Below are some records: retype them all exactly, but not the pictures.

++++++++++++++++++++

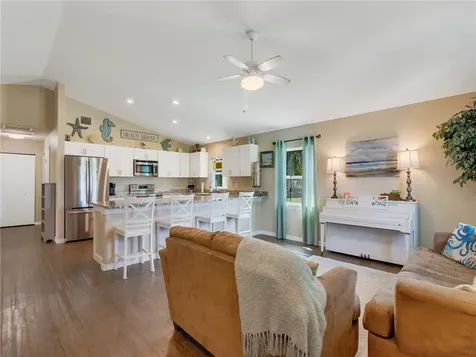 1196 17th Avenue SW Vero Beach FL 32962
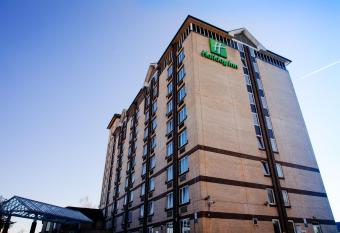 Holiday Inn Slough Windsor, an IHG Hotel allows 18 year olds to book a room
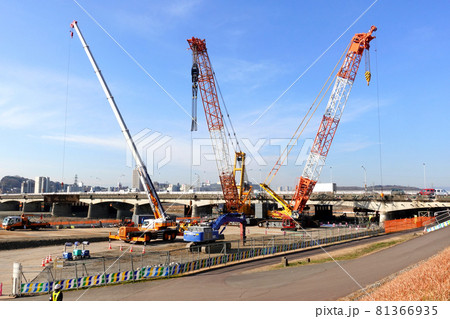 大型重機による建設現場 大型重機による建設現場 81366935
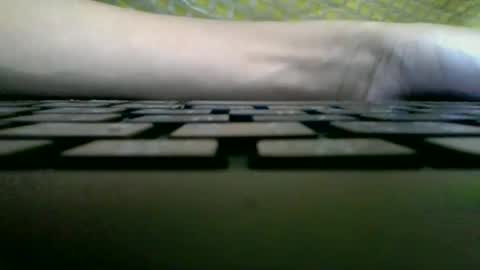 Snapshot of prisca880319 chatting on 05/17/26, 05:38 prisca880319 online show from 05/17/26, 05:38
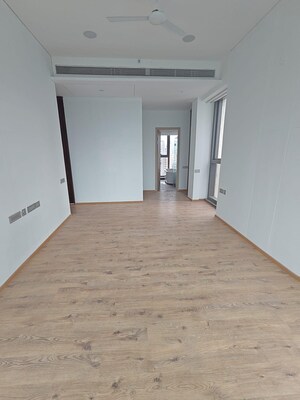 Room in 4 BHK Apartment at Rustomjee Crown, Prabhadevi – for Rent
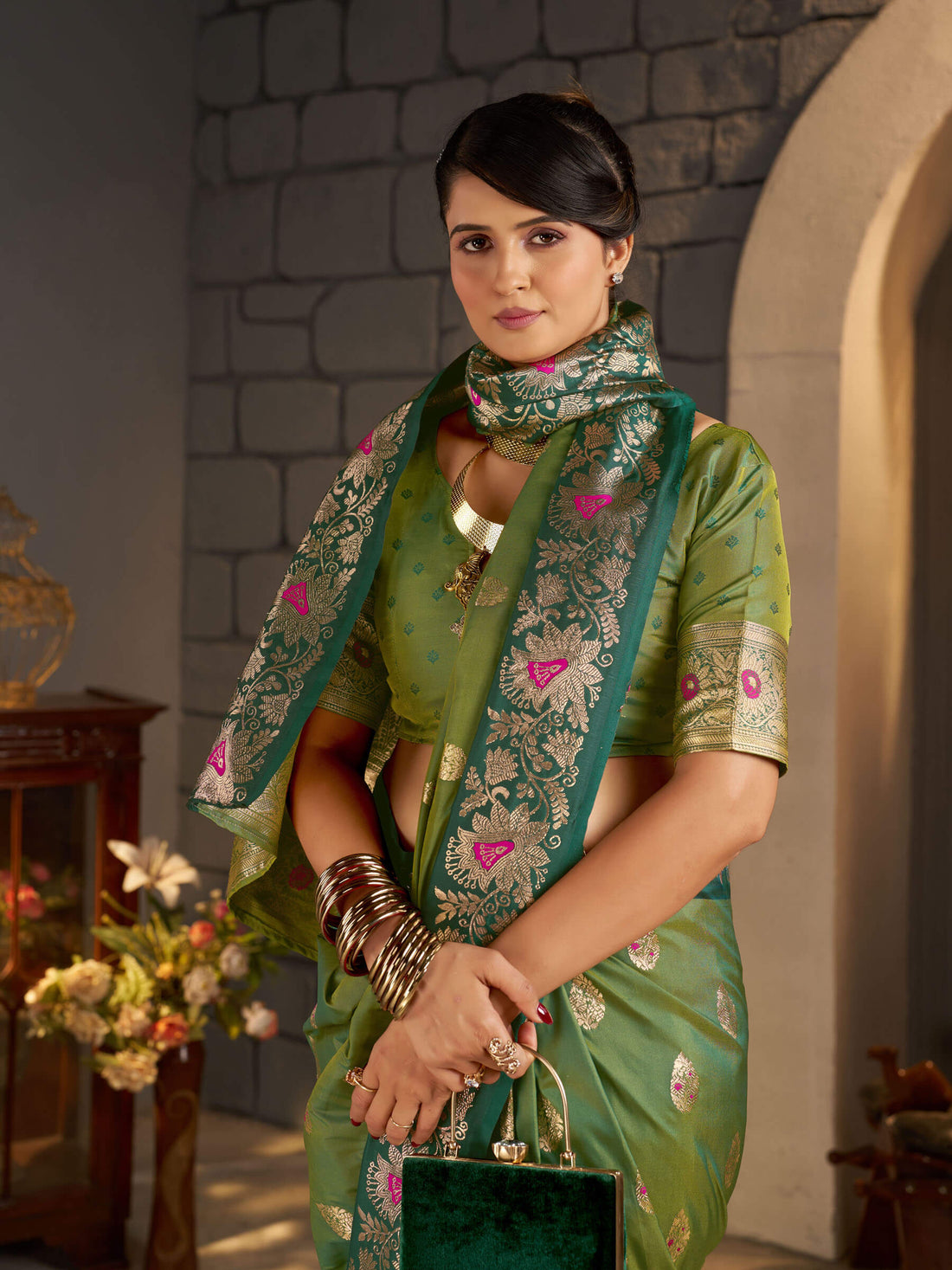 Angelic Green Pure Zari Weaving Banarasi Silk Saree With Surpassing Blouse Piece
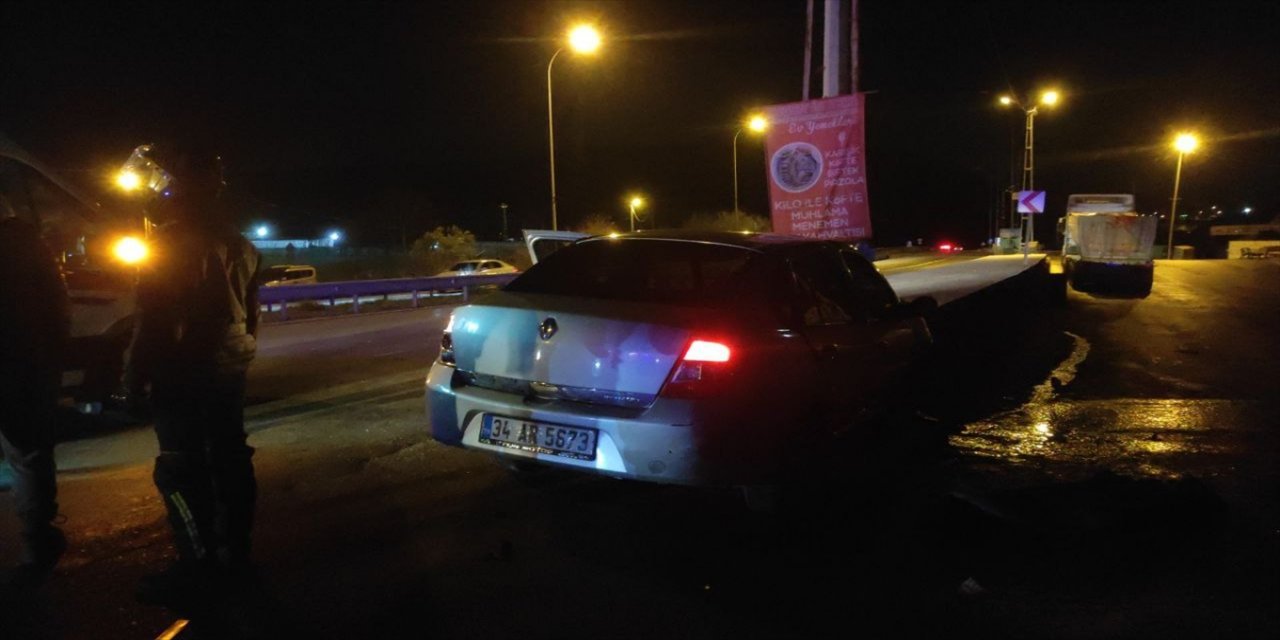 Çekmeköy'de meydana trafik kazasında 3 kişi yaralandı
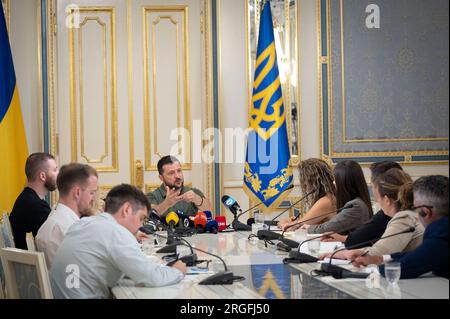 Kiev, Ucraina. 8 agosto 2023. Il presidente ucraino Volodymyr Zelenskyy, centro, discute la formula della pace durante un incontro con i rappresentanti dei media latinoamericani al Palazzo Mariinskyi, 8 agosto 2023 a Kiev, Ucraina. Credito: Pool Photo/Ufficio Stampa Presidenziale ucraino/Alamy Live News Foto Stock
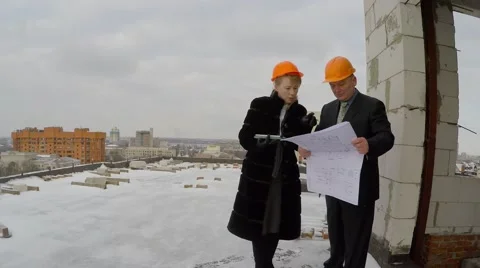 Construction in winter. Professional people at work. 库存影片 58686219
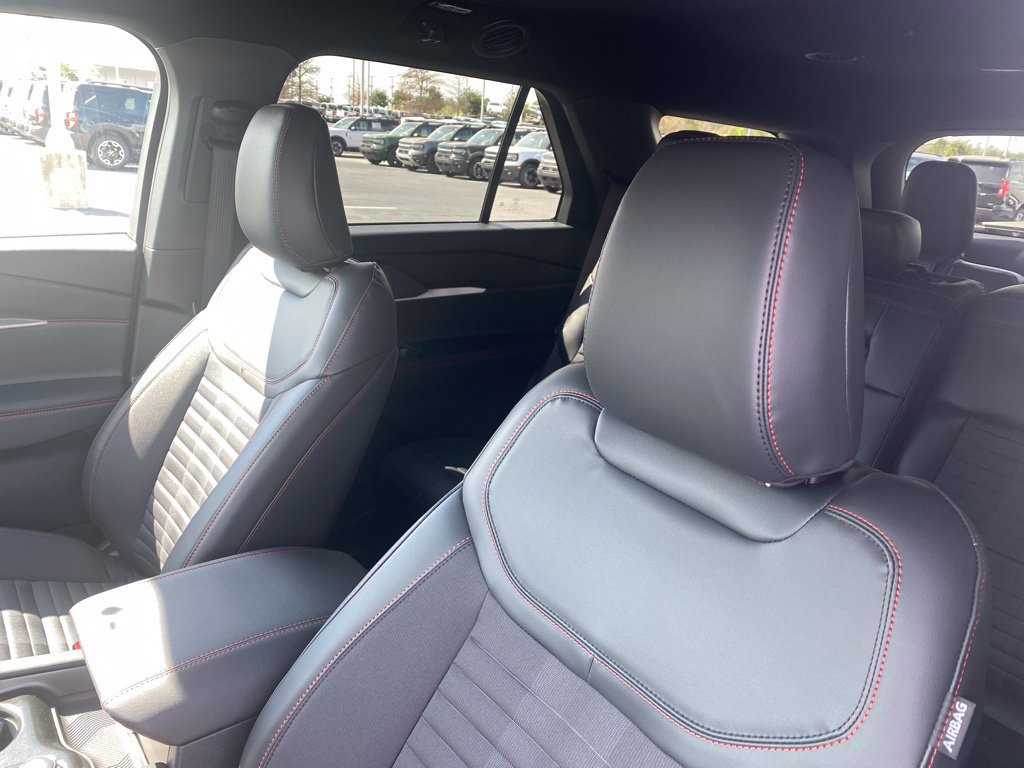 New 2026 Ford Explorer ST-Line w/ ST-Line Street Pack AWD/4WD image 20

++++++++++++++++++++

### Task result
 1196 17th Avenue SW Vero Beach FL 32962
 Holiday Inn Slough Windsor, an IHG Hotel allows 18 year olds to book a room
 大型重機による建設現場 大型重機による建設現場 81366935
 Snapshot of prisca880319 chatting on 05/17/26, 05:38 prisca880319 online show from 05/17/26, 05:38
 Room in 4 BHK Apartment at Rustomjee Crown, Prabhadevi – for Rent
 Angelic Green Pure Zari Weaving Banarasi Silk Saree With Surpassing Blouse Piece
 Çekmeköy'de meydana trafik kazasında 3 kişi yaralandı
 Kiev, Ucraina. 8 agosto 2023. Il presidente ucraino Volodymyr Zelenskyy, centro, discute la formula della pace durante un incontro con i rappresentanti dei media latinoamericani al Palazzo Mariinskyi, 8 agosto 2023 a Kiev, Ucraina. Credito: Pool Photo/Ufficio Stampa Presidenziale ucraino/Alamy Live News Foto Stock
 Construction in winter. Professional people at work. 库存影片 58686219
 New 2026 Ford Explorer ST-Line w/ ST-Line Street Pack AWD/4WD image 20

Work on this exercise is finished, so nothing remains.